Great news for working parents!
Chancellor George Osbourne is set to announce a tax break of up to £2, 000 for working parents in tomorrow’s budget. It’s not a lot, but it’s more than was expected and surely, in the current economic climate, every little helps right?
The new scheme which will replace the existing employer backed voucher scheme will see parents opening a childcare account where they’ll pay up to 80% of childcare costs while the government makes up the remaining 20%.
Parents are expected to make savings of approximately £2, 000, an increase from the initially proposed £1, 200 and it will apply to all children under the age of 12.
The move is thought to be part of an effort by the conservatives to woo parents by helping with childcare costs, an issue that has been proven to be of great concern to voters.
A recent report showed that most Britons on an average spent more on childcare than their mortgages annually. British parents also pay more for childcare than any other country in the EU.
Barnardo’s assistant director of policy and research, Jonathan Rallings, said research showed that poorer children could find themselves 15 months behind by the time they started school.
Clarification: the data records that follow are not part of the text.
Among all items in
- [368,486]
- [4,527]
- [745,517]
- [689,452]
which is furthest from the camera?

“Today marks a victory for the UK’s most disadvantaged children, on which the Government should be congratulated,” he said.
“We now look forward them boosting the nursery premium over time so that it eventually reaches the same level as the Pupil Premium.”
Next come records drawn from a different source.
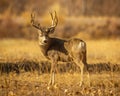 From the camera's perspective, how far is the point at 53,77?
1209cm

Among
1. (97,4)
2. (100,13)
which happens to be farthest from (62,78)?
(97,4)

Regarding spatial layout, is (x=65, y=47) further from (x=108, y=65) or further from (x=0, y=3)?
(x=0, y=3)

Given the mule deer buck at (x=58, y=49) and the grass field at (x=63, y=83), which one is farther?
the mule deer buck at (x=58, y=49)

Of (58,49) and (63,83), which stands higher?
(58,49)

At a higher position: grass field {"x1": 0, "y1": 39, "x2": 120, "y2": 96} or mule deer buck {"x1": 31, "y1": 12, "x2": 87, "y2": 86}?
mule deer buck {"x1": 31, "y1": 12, "x2": 87, "y2": 86}

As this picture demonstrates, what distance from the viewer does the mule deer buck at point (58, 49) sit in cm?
1203

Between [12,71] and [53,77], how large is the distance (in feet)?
6.65

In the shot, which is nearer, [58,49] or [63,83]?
[63,83]

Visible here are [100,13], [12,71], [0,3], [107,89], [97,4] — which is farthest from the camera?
[0,3]

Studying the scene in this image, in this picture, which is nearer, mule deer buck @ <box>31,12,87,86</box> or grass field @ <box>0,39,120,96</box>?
grass field @ <box>0,39,120,96</box>

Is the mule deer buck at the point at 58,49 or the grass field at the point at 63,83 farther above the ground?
the mule deer buck at the point at 58,49

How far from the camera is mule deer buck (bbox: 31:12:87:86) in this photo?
39.5 feet

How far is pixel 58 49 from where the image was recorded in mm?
12383

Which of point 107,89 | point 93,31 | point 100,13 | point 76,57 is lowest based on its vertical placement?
point 107,89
As usual, Labour had doubts about the timeliness of the proposals. Talking to the Evening Standard, Shadow minister for children Lucy Powell said: “David Cameron has cut support for children and families by £15 billion since he came to office.
“And today he confirms that no help will arrive until after the election. This is too little too late.
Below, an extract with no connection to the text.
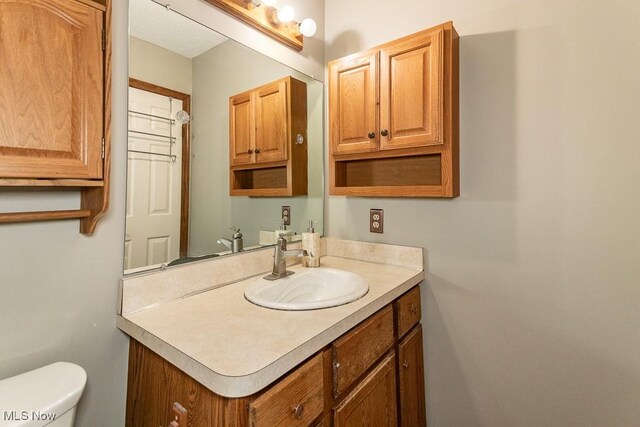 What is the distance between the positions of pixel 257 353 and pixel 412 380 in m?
Result: 0.91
“Of course any childcare support is welcome but this Government has done nothing in this Parliament to help parents experiencing a cost-of-living crisis.
The Prime Minister who made a joint appearance today with deputy Prime Minister Nick Clegg defended the proposal saying, it would “help millions of hard-pressed families with their childcare costs and provide financial security for the future”.
Don’t make any plans for those savings yet though, as they are not coming into effect until after the elections.